Vous mettez dans la bouche de
vos héros des poncifs et clichés qui contrastent
avec les images de la narration
- Chaque nouvelle est centrée
sur un personnage, dont je suis dès lors le plus
proche. Je montre les autres personnages, sans les justifier,
sans pleinement les comprendre. Quant aux clichés,
je fais attention de ne pas en utiliser dans la partie descriptive,
où j'essaie de trouver des formules efficaces, des
images personnelles, originales, sans tomber non plus dans
l'excès. Ces images viennent d'elles-mêmes
: elles viennent ou ne viennent pas. Le travail est de donner
sa fluidité et son rythme au texte.
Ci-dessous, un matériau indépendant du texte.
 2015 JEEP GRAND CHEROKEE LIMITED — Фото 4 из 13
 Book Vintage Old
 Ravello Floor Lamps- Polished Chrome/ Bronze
Tous mes personnages
ont leur banalité, donc usent d'un langage commun.
Et c'est vrai que je cherche le contraste entre les dialogues
et la narration.
On pourrait dire que dans Far
West, vous écriviez derrière une vitre
et ici derrière un miroir que vous nous tendez ?
- Absolument. Il y a chez moi l'idée
d'aller étape par étape : décrire de
l'extérieur dans Far West, de l'intérieur
ici. Mais je ne suis pas certain d'avoir une fois envie
de passer à l'interprétation. Je préfère
les choses flottantes, lorsqu'on donne juste les clés.
Laisser de l'espace au lecteur dans le texte.
Vous mesurez la distance entre
la vie rêvée et la vie réelle, entre
les vacances idéales et celles que l'on vit aussi
- Les vacances portent le fantasme
de l'ailleurs. Far West confrontait vacances réelles
et fantasmées. Dans Love, les vacances à deux
ne se passent pas sur la même longueur d'ondes. Mais
les ratages cachent parfois des surprises.
- Vous faites à plusieurs
reprises mention du ciel, de sa magie, de la grandeur infinie
de l'univers
J'aime regarder le ciel, et au-delà.
Le ciel est un point de fuite, une évasion métaphorique
et réelle. C'est le premier psychotrope.
Comme dans votre précédent
recueil, la musique innerve Love. Chaque titre de
nouvelle est suivi d'un titre rock, punk ou blues
- La musique (surtout le rock) est
essentielle pour moi, et c'est sans doute pour cela que
je n'arrive pas à écrire en musique. Au départ,
je voulais placer la musique à l'intérieur
des nouvelles, mais je me suis vite rendu compte que c'était
complètement artificiel. Je me suis alors dit qu'elle
pouvait être en dehors de la nouvelle, en parallèle,
en illustration. J'ai choisi chaque morceau en fonction
de plusieurs paramètres : leurs paroles et leur titre
peuvent faire référence aux actions et émotions
du récit, et le style donner la tonalité.
Par exemple dans Karaoké, un morceau hyper
violent de Black Flag accompagne l'histoire d'un homme désabusé,
prêt à faire n'importe quoi, empli d'une grande
violence interne.
La musique dicte la pulsation de la nouvelle, des personnages
ou décrit l'ambiance, la situation. La question capitale
pour moi a été le choix des groupes, et cela
m'a pris du temps. Je voulais des groupes que j'estimais
importants, sans trop d'uniformité de style ni d'époque.
Lorsque je me suis rendu compte n'avoir encore retenu aucun
groupe anglais, j'ai réparé la lacune en me
demandant : "s'il ne devait rester qu'un groupe anglais,
lequel ? ". Je suis content de la réponse.